Lawsuits may seal important facts about West blast

WEST, Texas (AP) — Valuable health and safety information about the 2013 fertilizer plant explosion in West could be hidden from the public forever because a judge has approved confidentiality agreements for more than a dozen lawsuits relating to the case.

The agreements given approval by state District Judge Jim Meyer were requested by attorneys involved in at least 15 separate lawsuits. The result is that lawyers can label as confidential virtually all information uncovered as they prepare for trial.

“I’ve read hundreds of these. I read them all the time,” Richard Zitrin, a law professor who has testified before the U.S. Senate about secrecy in the courts, told The Dallas Morning News (http://bit.ly/1ziXCoL ). “These are some of the most outrageous examples I have ever seen. It is completely unlimited.”

The information could include more details about injuries, safety testing of the fertilizer that exploded and what the city knew about the dangers posed by the West Fertilizer Co.

Fifteen people were killed in the April 2013 blast and hundreds injured.

Confidentiality agreements are common, but keeping secrets in lawsuits can have consequences for public health and safety. Products ranging from unsafe medicines to defective automobile tires and, more recently, faulty auto ignition switches have harmed the public while secrecy approved by the courts helped hide the dangers.

Legal scholars note that taxpayers cover the cost for the courts in which lawsuits are tried, which means the information found in those suits should be in the public domain.

“We may never know why the plant blew up, but the lawyers may,” said Dustin Benham, a law professor at Texas Tech University School of Law.

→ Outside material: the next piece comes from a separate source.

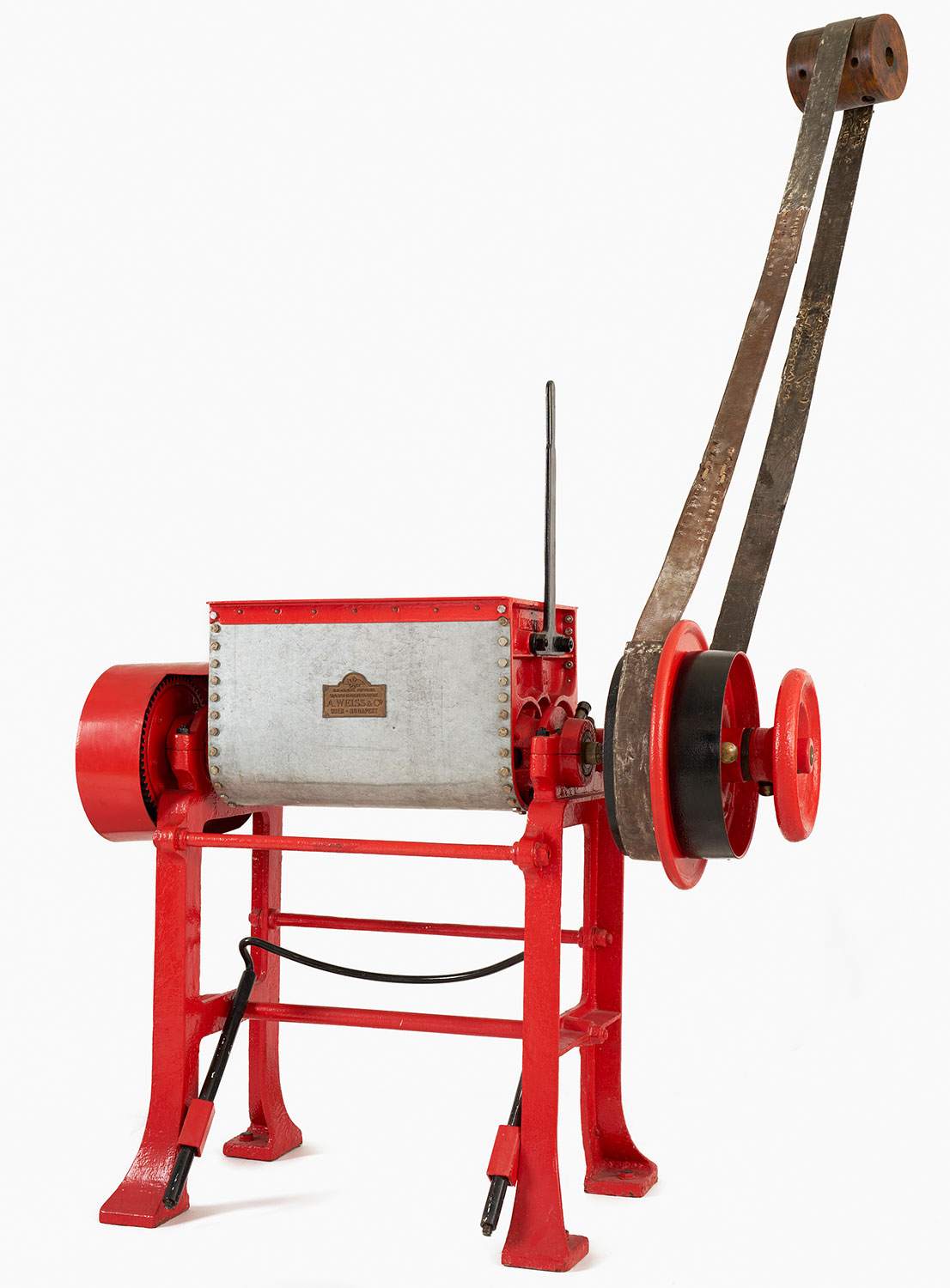 Rotes Metallgerät mit Antriebsriemen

Or the lawyers suing “may turn up absolutely nothing.” That fact could remain hidden, too, he said.

“I think the public would find it shocking that a court-sanctioned protective order keeps us from understanding what happened in West,” said Benham, who studies court secrecy.

John McCoy, a Wisconsin attorney defending Adair Grain, which owns the West fertilizer plant, said the fertilizer manufacturers and the attorneys for the victims drafted the agreements. The other lawyers made sure the agreements “didn’t hamper our ability to do what we need in the case.”